Thea is a slave girl from Judaea, passionate, musical, and guarded. Purchased as a toy for the spiteful heiress Lepida Pollia, Thea will become her mistress’s rival for the love of Arius the Barbarian, Rome’s newest and most savage gladiator. His love brings Thea the first happiness of her life-that is quickly ended when a jealous Lepida tears them apart.
As Lepida goes on to wreak havoc in the life of a new husband and his family, Thea remakes herself as a polished singer for Rome’s aristocrats. Unwittingly, she attracts another admirer in the charismatic Emperor of Rome. But Domitian’s games have a darker side, and Thea finds herself fighting for both soul and sanity. Many have tried to destroy the Emperor: a vengeful gladiator, an upright senator, a tormented soldier, a Vestal Virgin. But in the end, the life of the brilliant and paranoid Domitian lies in the hands of one woman: the Emperor’s mistress.
(Summary from Goodreads)
So, having started this series with the third book (oops), it was nice to go back and read this one. While reading the books in this series in order isn’t strictly necessary since they are very much self-contained stories within the larger arc, it was nice to get some backstory behind the major players in Empress of the Seven Hills.

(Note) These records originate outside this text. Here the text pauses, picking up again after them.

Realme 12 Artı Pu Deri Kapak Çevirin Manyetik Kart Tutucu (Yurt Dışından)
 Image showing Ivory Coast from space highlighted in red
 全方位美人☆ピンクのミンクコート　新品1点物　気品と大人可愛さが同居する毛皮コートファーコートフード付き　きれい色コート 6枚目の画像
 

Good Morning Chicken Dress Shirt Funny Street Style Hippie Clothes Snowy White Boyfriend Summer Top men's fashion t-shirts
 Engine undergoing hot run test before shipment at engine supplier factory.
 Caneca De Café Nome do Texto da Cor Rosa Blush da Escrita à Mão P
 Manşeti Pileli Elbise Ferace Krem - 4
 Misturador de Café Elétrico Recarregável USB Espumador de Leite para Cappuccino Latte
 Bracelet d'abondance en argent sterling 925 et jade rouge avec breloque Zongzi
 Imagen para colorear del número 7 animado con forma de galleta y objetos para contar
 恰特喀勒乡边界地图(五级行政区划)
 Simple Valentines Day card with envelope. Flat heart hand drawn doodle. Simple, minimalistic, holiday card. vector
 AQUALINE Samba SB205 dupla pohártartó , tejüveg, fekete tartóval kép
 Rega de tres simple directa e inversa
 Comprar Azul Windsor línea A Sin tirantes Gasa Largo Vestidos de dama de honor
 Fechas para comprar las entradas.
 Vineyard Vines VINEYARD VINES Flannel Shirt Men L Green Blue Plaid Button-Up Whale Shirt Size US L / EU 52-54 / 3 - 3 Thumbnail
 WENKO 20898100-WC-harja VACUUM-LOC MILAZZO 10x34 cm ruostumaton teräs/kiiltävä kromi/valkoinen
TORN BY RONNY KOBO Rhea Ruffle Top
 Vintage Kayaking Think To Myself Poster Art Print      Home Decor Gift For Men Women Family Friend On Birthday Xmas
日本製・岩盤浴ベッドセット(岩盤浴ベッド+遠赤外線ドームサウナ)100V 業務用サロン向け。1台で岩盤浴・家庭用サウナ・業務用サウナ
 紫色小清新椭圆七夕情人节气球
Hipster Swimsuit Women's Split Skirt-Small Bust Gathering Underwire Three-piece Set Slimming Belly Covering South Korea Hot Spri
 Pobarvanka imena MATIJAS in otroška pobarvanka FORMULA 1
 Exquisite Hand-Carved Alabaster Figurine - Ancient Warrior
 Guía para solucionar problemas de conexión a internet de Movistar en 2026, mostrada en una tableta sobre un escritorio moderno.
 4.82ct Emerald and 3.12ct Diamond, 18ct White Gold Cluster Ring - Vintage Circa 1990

I loved all of the characters, except Lepida, who was generally an awful person. I guess there were reasons for this? But she was so awful, I didn’t care. I mean, I even liked Domitian more than her, and Domitian wasn’t the most sympathetic character, so there’s that. But everyone else, though, was great. Little Vix stole the show for me (which was fantastic because I loved him so much after reading the other book he’s in), and I loved how sassy the Empress was – an impressive feat after being married to Domitian for 20+ years.
I think the only problem I really had was Marcus’s motivations for wanting Domitian dead. I understood why all of the other characters wanted him dead, but his motivations were never really clear. Ultimately, though, that was a small problem in comparison with the sheer awesome that was this book, and didn’t deter me from being obsessed with this series in the slightest.
If you like a healthy blend of Ancient Rome, political intrigue, and romance, this is definitely a book for you.